Was out way too late with friends on Monday night. After feeling like I have lived at work the past few weeks - because in a sense, I have been - I slept in on Tuesday. My laziness made my initial destination moot. I wouldn't be able to get a good full tour up at Forest Lakes with the later departure time.

So I loaded up the pack and harried the Tacoma to a familiar haunt - St Mary's.

Looking down while skinning up the slope. It was about this time I began developing the first blister on the left heel.

I was expecting hurricane-force gusts once I broke out of the forest. Instead it was sunny and relatively calm. I soon began overheating. However I had a good tempo going, so instead of shedding layers, I merely unzipped and poled with my arms further akimbo.

I quickly caught up to a couple of hikers - I'd call them snowshoers but the snow was so firm, they merely carried the snowshoes - whom I spied taking off down the trail as I pulled into the parking lot.

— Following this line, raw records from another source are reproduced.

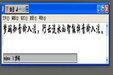 梦码智能拼音输入法 4.01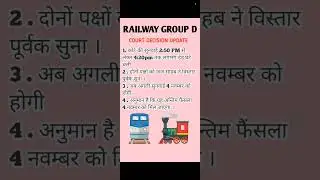 Rrb group d #court #groupd2025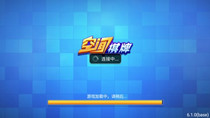 空間棋牌最新手機(jī)版2022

We talked for about 10 minutes and I offered some good snowshoeing destinations when queried.

When I realized that we were going about the same pace, I stopped for a bit to let them get ahead and enjoy some solitude. I felt foolish for having my probe and avy shovel, because the snow was bulletproof sustrugi - frozen wind-sculpted waves. The texture is completely unpliable and if you don't stay focused and scout a good line of least resistance, can result in some dangerous skiing.

Pretty for pictures, pain for skiing

It was a good tour and I stopped on the flats at the top of the "glacier" where it expands into a giant tundra leading in several directions for miles. My stopping point wasn't dictated by stamina nor fatigue; I was entertaining the idea of skiing up the slopes of James Peak - I felt that good. Instead it was the snow got more wild, more bulletproof - would that be missile-proof? - and I knew that skiing down what I already came up was going to be a strenuous task for my quads.

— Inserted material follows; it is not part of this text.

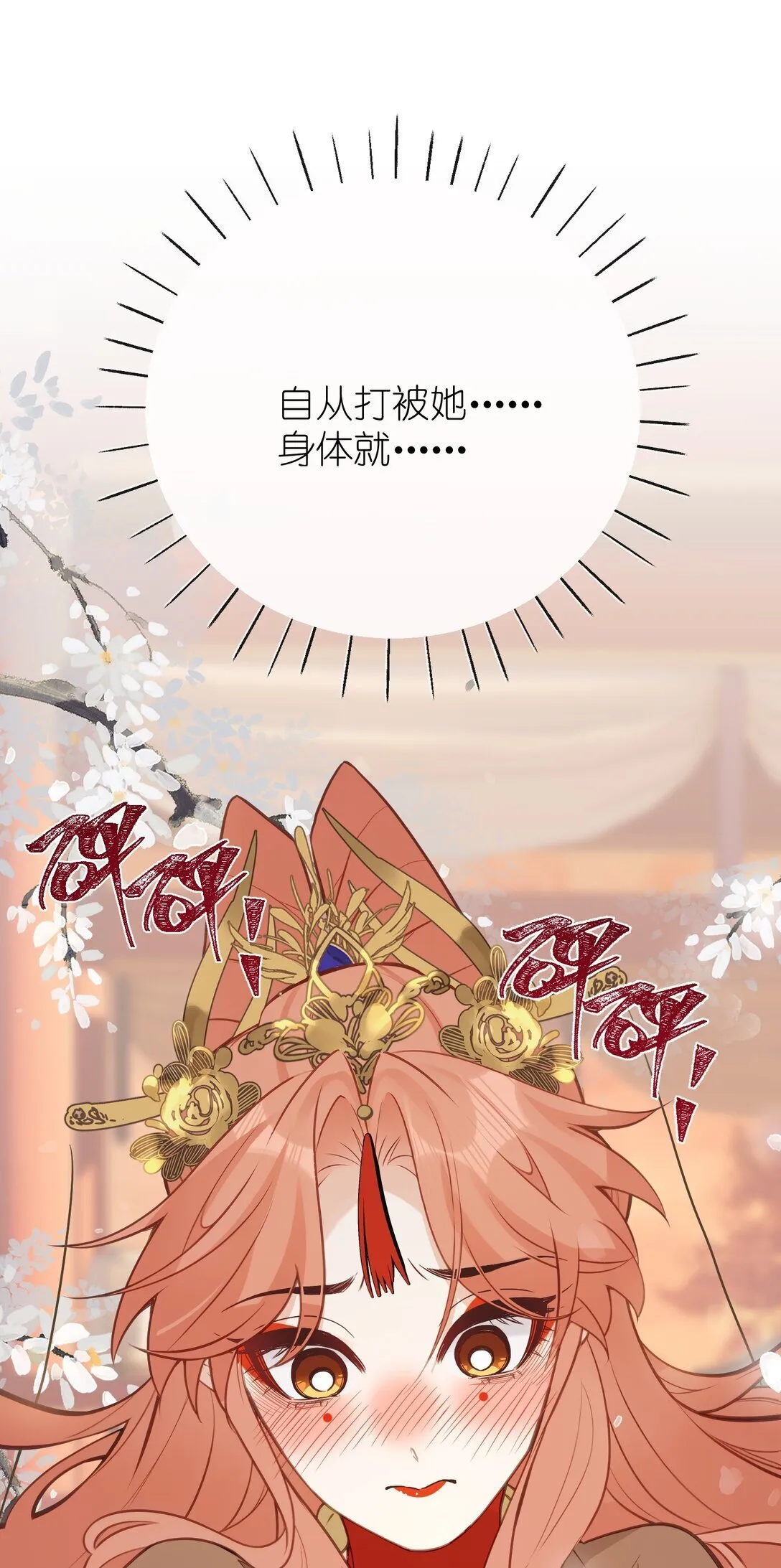 030 宝宝别走 第40页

James Peak. A pretty view from the top. Very seldom does it have good snow for skiing.

Mount Bancroft. A fun mountain I'd like to scale this spring. Some nice technical steps, as Rak would attest to.

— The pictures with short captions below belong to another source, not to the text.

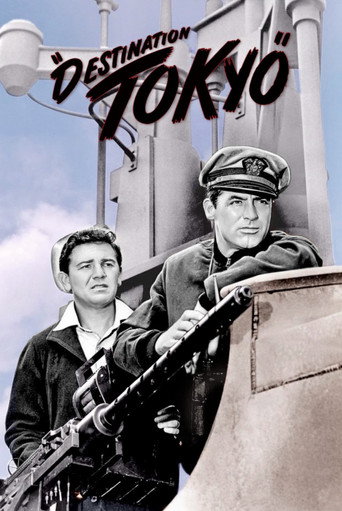 Poster for “Destination Tokyo”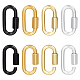 8 шт. 4-х цветные подвески-карабиновые замки из сплава FIND-UN0003-30-1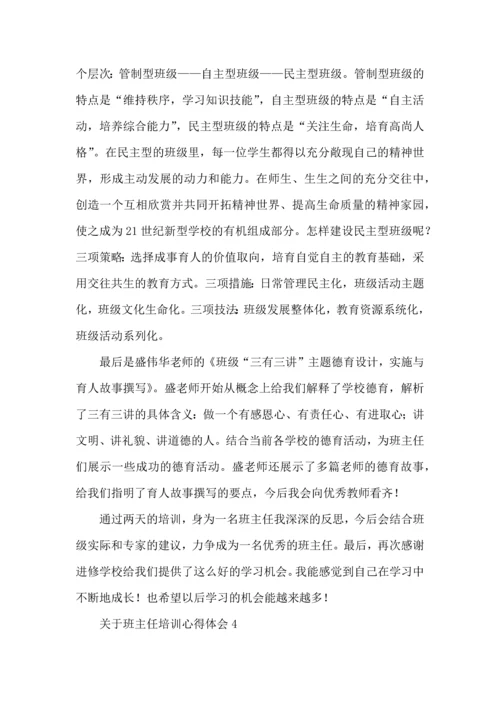 关于班主任培训心得体会(集合15篇).docx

The ski run down was as how I prophesied; challenging and bouncy. I had to actually jump turn at one point to avoid a mawing hole in my way. But no torn ACLs and only one skid out on the final bomb back to the lake.

My line down. To skier right, above the rocks was filled with stored energy, waiting for catalyst to instigate a fracture line. A few smaller ones sheared on the other side of center.

Some alpine texture

The National - Mr November

05 December 2008

Powder shots

Tuesday I made the plunge. While I said, and truly believed, I wouldn't go resort skiing until after the New Year, I was too tempted to not make the drive up I-70. Loveland Ski Area reported almost four feet of snow over the previous weekend. A friend confirmed that the snow was spectacular when she went up on Monday.

It was good to get the first turns in. And yes, the snow was glorious and the ski area was less crowded than I expected; the benefit of having a Tuesday off.

It got a bit windy later in the afternoon, as evident by the above video. That was taken off the top of Chair 2.

I found out that I was a day premature. John Sellers, the PR guru at Loveland, informed me they opened up Chair 4 - where some of my favorite terrain is located - the next day. Also Chair 8 opened up later in the week as well. That leaves only Chair 9 as the lift not yet operating.